Even farther to the north and west, from their most northern forts along the Hukawng River, the army pushed farther west to Assam. The kings of Assam had ruled over the Brahmaputra Valley from the descent of the great river in southeastern Tibet to its turn into the rice plains of Bengal. A narrow valley hemmed in by high mountains, Assam had for centuries been under the rule of the Ahoms, a Hindu royal house. The Ahoms had fought in a series of plucky defensive wars against the Mughal Empire, but by the late 1700s their power was on the wane. Intradynastic disputes came together with a widespread uprising to create more and more instability. Rival groups appealed to both Ava and Calcutta for assistance. In the winter of 1792–93 the East India Company moved in with a small force to help the king, or
swagadeo
, of Assam quell a popular rebellion. But the Burmese were also interested.
2

In 1817 a representative of a rival court faction appealed to the Burmese to intervene against the
swagadeo
Chandrakanta Singh. Bodawpaya had already been looking to send a force in support of the rebels and now decided to send a well-equipped army eight thousand strong. They began their march at Mogaung, marshaling along the way thousands of tribal levies. In an amazing logistical feat, they then crossed nine-thousand-foot-high Himalayan passes and entered the valley at its northern end, near Tibet. It was a punishing, many-week-long march past scenery unlike anything the men had ever seen. The officers rode horses and elephants; the ordinary foot soldiers hiked alongside in thick quilted cotton jackets, hardly enough to keep them warm in the subfreezing nighttime temperatures. They passed for weeks through dark leech-infested jungle, so dense that sunlight never touched the ground, and waded through frigid mountain streams in nothing but bare feet. In the higher elevations, oak trees and rhododendrons would suddenly give way to sheets of ice and snow leopards on the distant cliffs.
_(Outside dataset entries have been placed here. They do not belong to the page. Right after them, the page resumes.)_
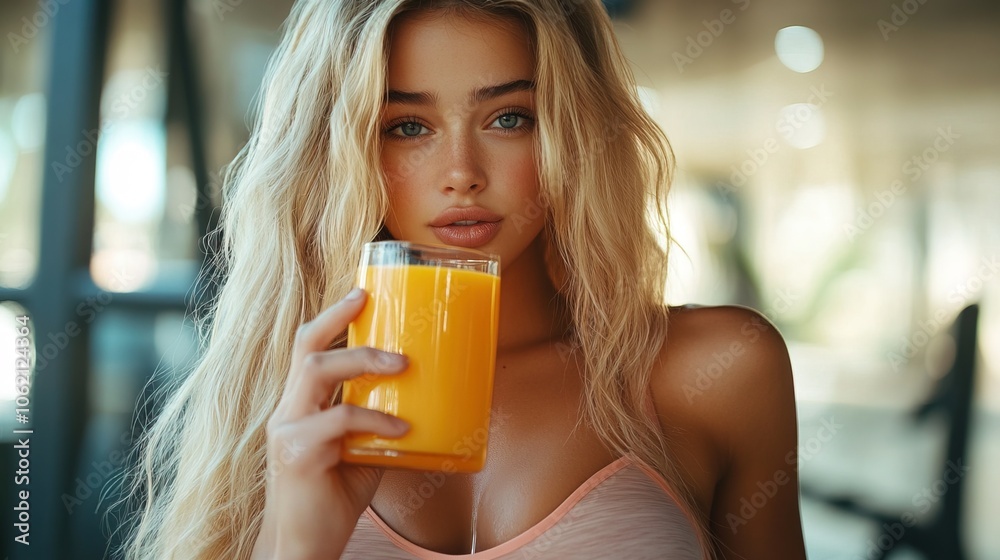 Beautiful Blonde Woman Gym Outfit With Long Hair Drinking Orange Juice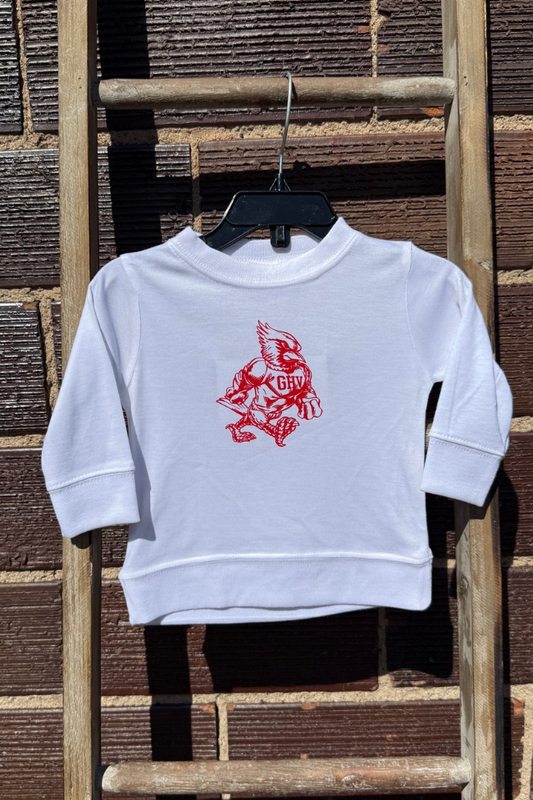 White Cardinals Long Sleeve Shirt (0-3 months)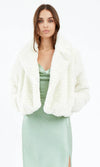Roselyn Faux Fur Cropped Coat ~ Ivory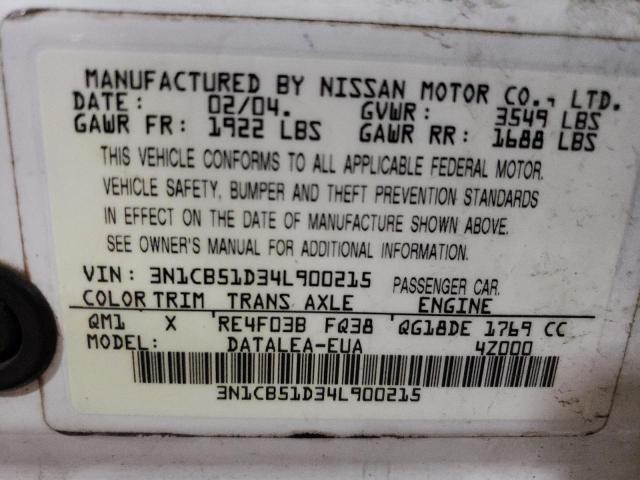 3N1CB51D34L900215 - 2004 NISSAN SENTRA 1.8 WHITE photo 12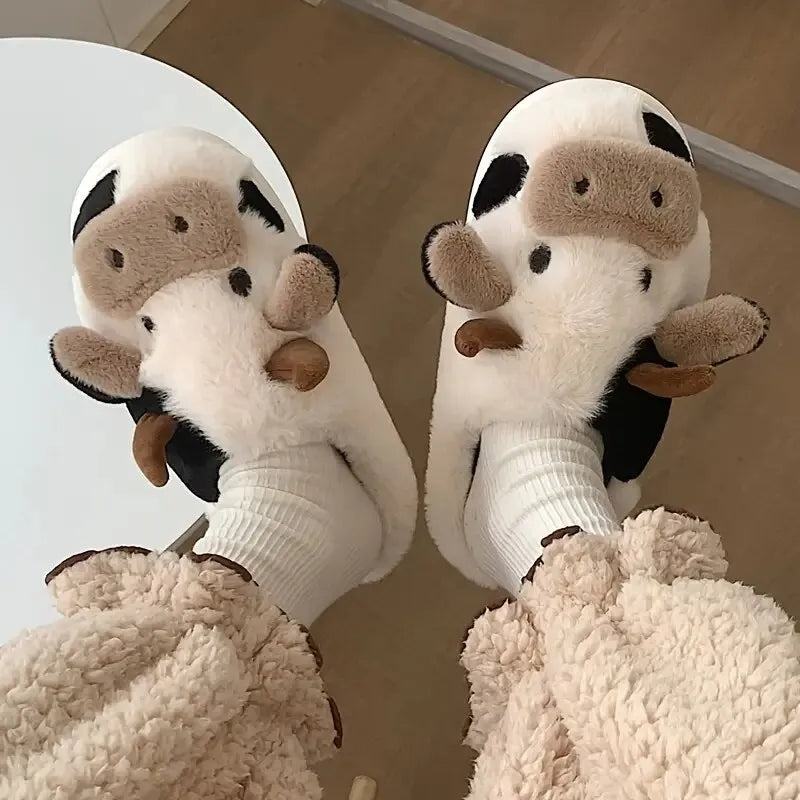 Cypress - Pluche uniseks pantoffels met koeienmotief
With the army still amazingly intact, the Assamese were decisively defeated at the battle of Kathalguri, and a pro-Burmese minister was placed in power. But several years of local princely intrigue followed, and in 1821 the Court of Ava became convinced of the need for tighter control. A new expedition crossed the snowy mountains and extinguished 
the Ahom court once and for all. Assam would become a Burmese province under a military governor-general. The Burmese then turned their guns to the little hill principality of Cachar to the south, and early in November 1823 assembled a sizable force of about five thousand troops on the Cachar frontier. An alarmed Calcutta sent its own troops in defense of the raja of Cachar, and bloody encounters with the Burmese almost immediately followed.